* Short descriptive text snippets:
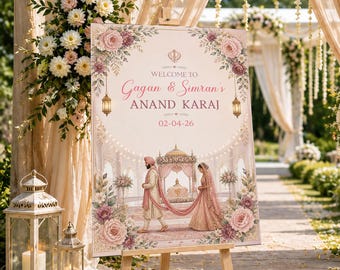 May include: A wedding welcome sign on a wooden easel. The sign features floral and architectural illustrations with the text "Welcome to Gagan & Simran's Anand Karaj" and the date 02-04-26. The sign is decorated with pink and cream-colored flowers.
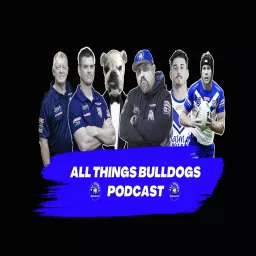 All Things Bulldogs Podcast artwork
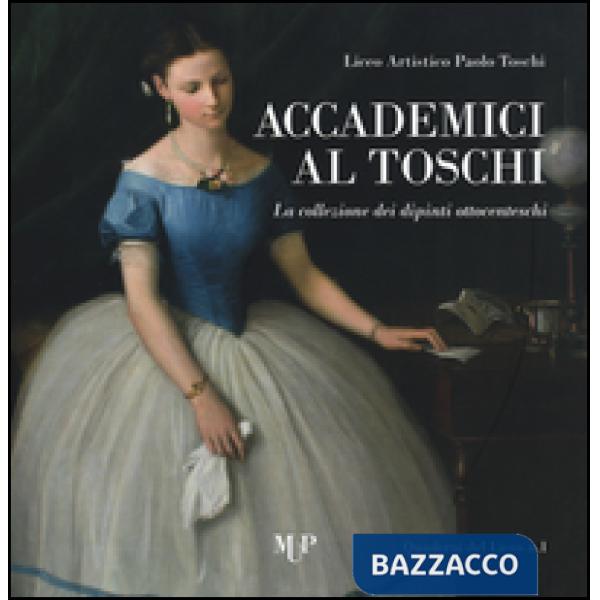 Accademici al Toschi. La collezione dei dipinti ottocenteschi. Ediz. illustrata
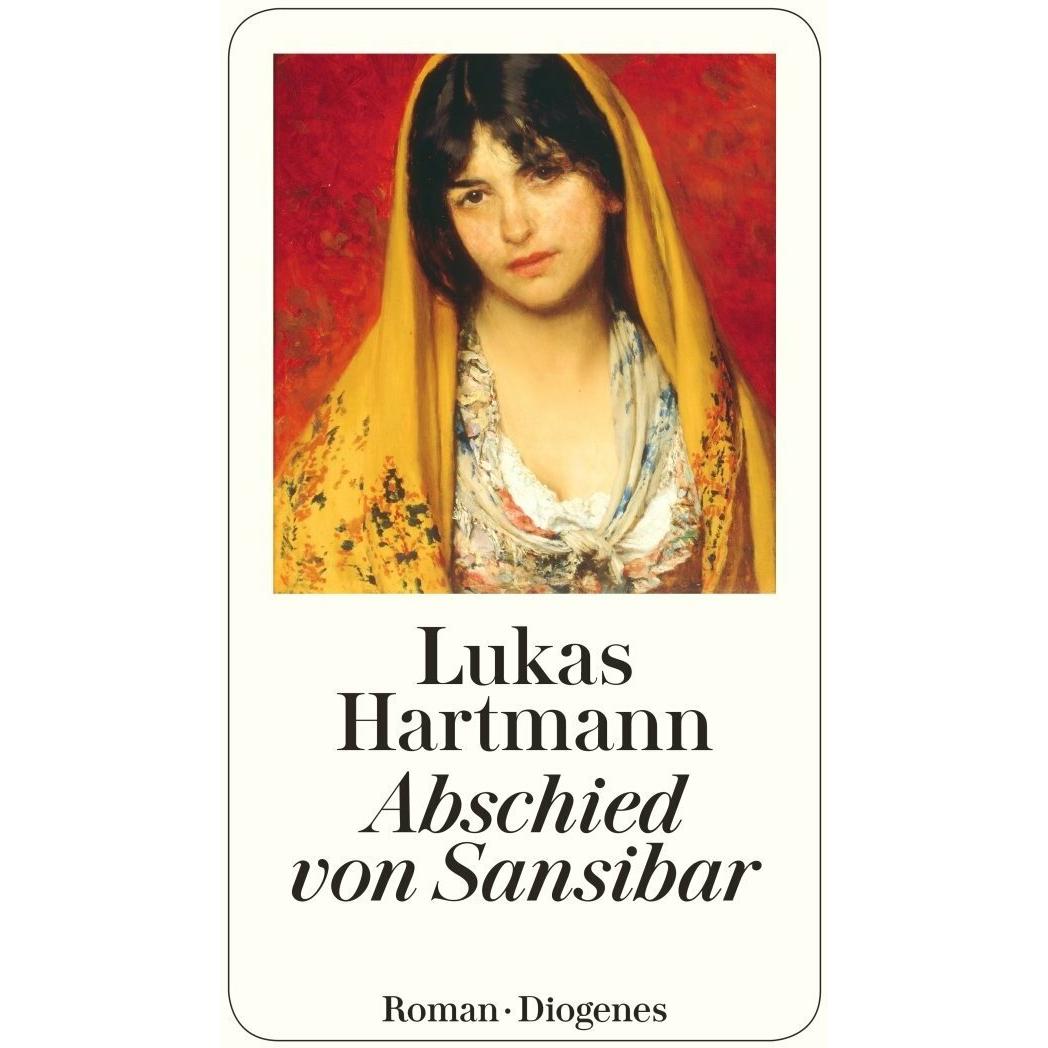 Abschied von Sansibar, Belletristik von Lukas Hartmann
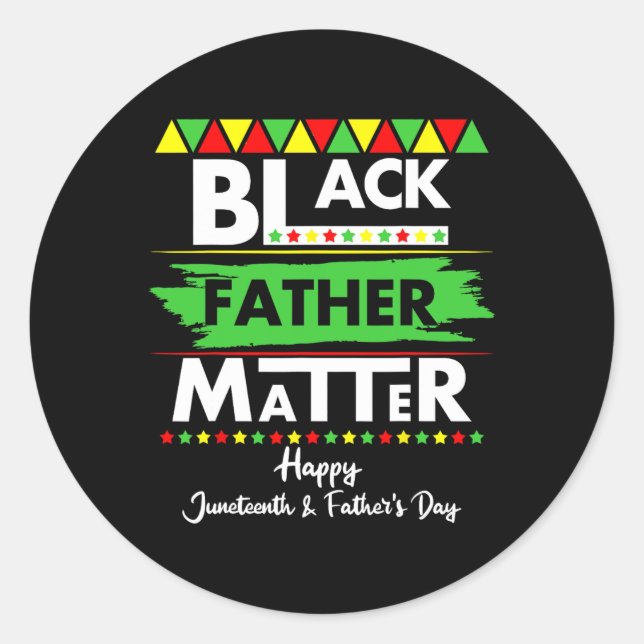 Black Father Problem Father's Day Juneteenth Afric Classic Round Sticker (Front)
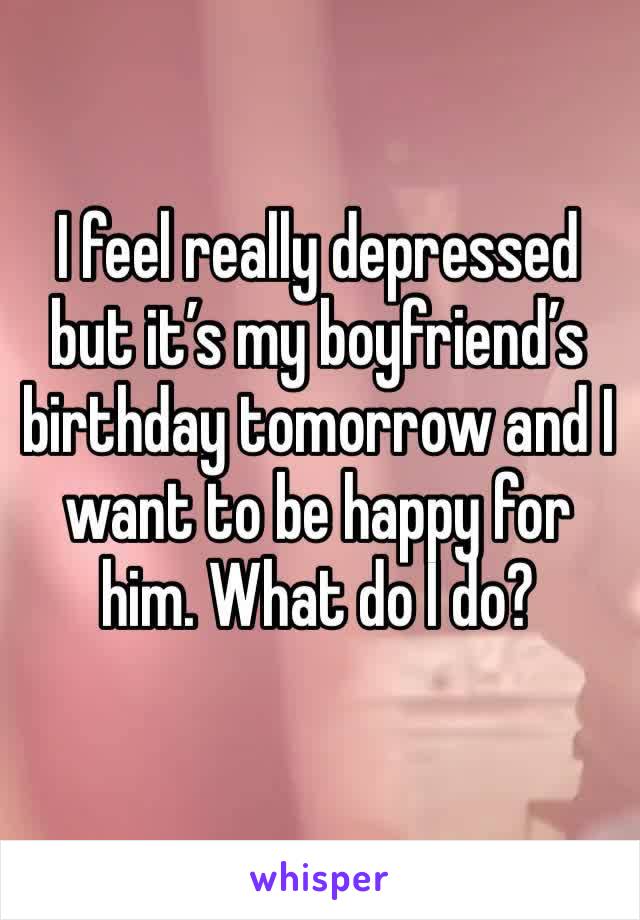 I feel really depressed but it’s my boyfriend’s birthday tomorrow and I want to be happy for him. What do I do?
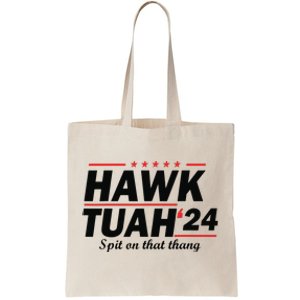 Hawk Tush Spit On That Thing Presidential Candidate Parody Tote Bag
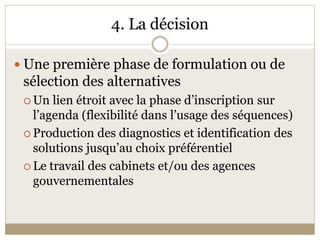 4. La décision 

 Une première phase de formulation ou de 
 sélection des alternatives 
  Un lien étroit avec la phase d’inscription sur 
   l’agenda (flexibilité dans l’usage des séquences) 
  Production des diagnostics et identification des 
   solutions jusqu’au choix préférentiel 
  Le travail des cabinets et/ou des agences 
   gouvernementales 
 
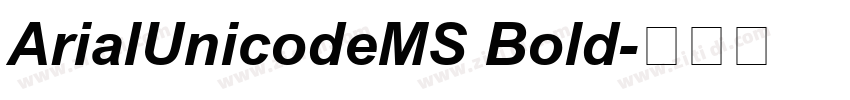 ArialUnicodeMS Bold字体转换
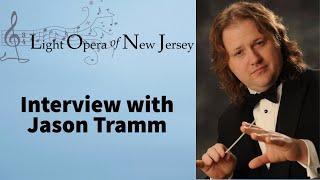 Jason Tramm on the Future of the Light Opera of New Jersey!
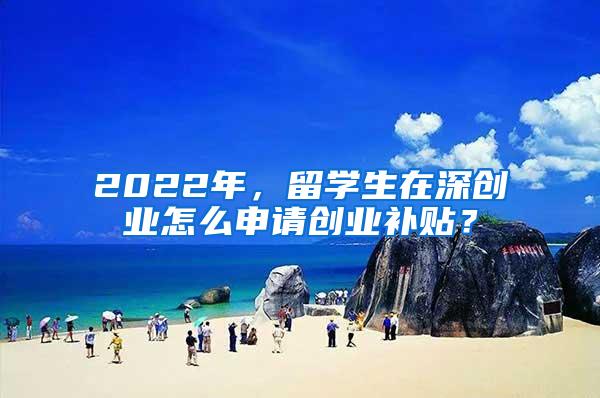 2022年，留学生在深创业怎么申请创业补贴？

* What to do:
Leave out any pictures and return exactly the lines from the beginning of the data through the line with "Black Father Problem", inclusive.

* Reply to the exercise:
 May include: A wedding welcome sign on a wooden easel. The sign features floral and architectural illustrations with the text "Welcome to Gagan & Simran's Anand Karaj" and the date 02-04-26. The sign is decorated with pink and cream-colored flowers.
 All Things Bulldogs Podcast artwork
 Accademici al Toschi. La collezione dei dipinti ottocenteschi. Ediz. illustrata
 Abschied von Sansibar, Belletristik von Lukas Hartmann
 Black Father Problem Father's Day Juneteenth Afric Classic Round Sticker (Front)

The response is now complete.